I live in maumee/perrysburg area. Most of the river is covered by moss and it's very low.. I went up to grand rapids today and fished from 11:00am to 3:30pm. Caught 10ish white bass, 4 smallies, 1 small LM, 5 12-16 inches walleyes and a bunch sheephead. All fish were caught with silver Rapala Shad rap. Best day this summer so far.


----------



## bucky43620 (Jun 10, 2012)

how do I get to the perrysburg side?The maumee side is easy bc of the path that goes along it


----------



## spikeg79 (Jun 11, 2012)

bucky43620 said:


> how do I get to the perrysburg side?The maumee side is easy bc of the path that goes along it


Go across the Maumee/Perrysburg bridge or I475 and get off at route 25 and go to route 65 to Buttonwood Rec. Area . Your best bet though might be heading further south to Waterville or Grand Rapids like Jin said.


----------



## bucky43620 (Jun 10, 2012)

thx for the help guys


----------



## bucky43620 (Jun 10, 2012)

is grand rapids past blue grass island?


----------



## spikeg79 (Jun 11, 2012)

Yeah quite a ways sw of there. It's past Waterville. Grand Rapids Ohio. It's a great little town though, La Roe's has some delicious food.


----------



## KaGee (Sep 8, 2006)

bucky43620 said:


> is grand rapids past blue grass island?
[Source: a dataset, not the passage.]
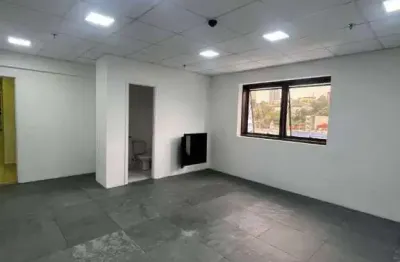 Sala à venda, 33 m² por r$ 450.000,00 - jm 600 - arujá/sp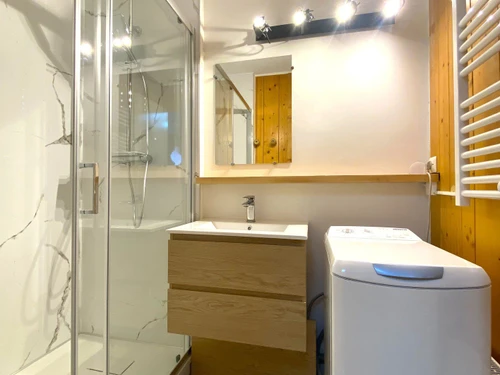 Apartment Les Arcs 1600, 1 bedroom, 6 persons - photo_12573340718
Way past... About 15 miles or so west of Waterville on 24.


----------



## KaGee (Sep 8, 2006)

Maybe it's just the heat, but several unwarranted comments have been removed. Play nice.


----------



## Jdivence (Mar 21, 2012)

Waterville is very shallow right now. Better luck in grand rapids


----------



## maumee_bowman (Feb 23, 2011)

If ur gonna fish in grand rapids you better bring some water because as of right now theres none in the river


----------



## Jin (May 25, 2011)

maumee_bowman said:


> If ur gonna fish in grand rapids you better bring some water because as of right now theres none in the river


Is the water still stinky? I went there last weekend, tons of dead suckers on the shore..........


----------



## spikeg79 (Jun 11, 2012)

Jin said:


> Is the water still stinky? I went there last weekend, tons of dead suckers on the shore..........


Yep still stinks and a bunch of dead fish still laying where water used to be.


----------



## Luda024 (Aug 28, 2011)

I have been catching fish so i don't know what your guys problem is, just got to find the water.


Sent from my iPhone using Tapatalk


----------



## Jmsteele187 (Dec 22, 2011)

How are the water levels above the dam, does anyone know?


Outdoor Hub mobile, the outdoor information engine


----------



## Jin (May 25, 2011)

Jmsteele187 said:


> How are the water levels above the dam, does anyone know?
> 
> 
> Outdoor Hub mobile, the outdoor information engine


The water level above the dam is normal....at least it's fishable.


----------



## play6832 (Mar 20, 2012)

The water is low but its still fishable I wasnt at the dam area but have been down river from there three times this week and have been catching alot of white bass and Smallmouths . Even getting a few walleys


----------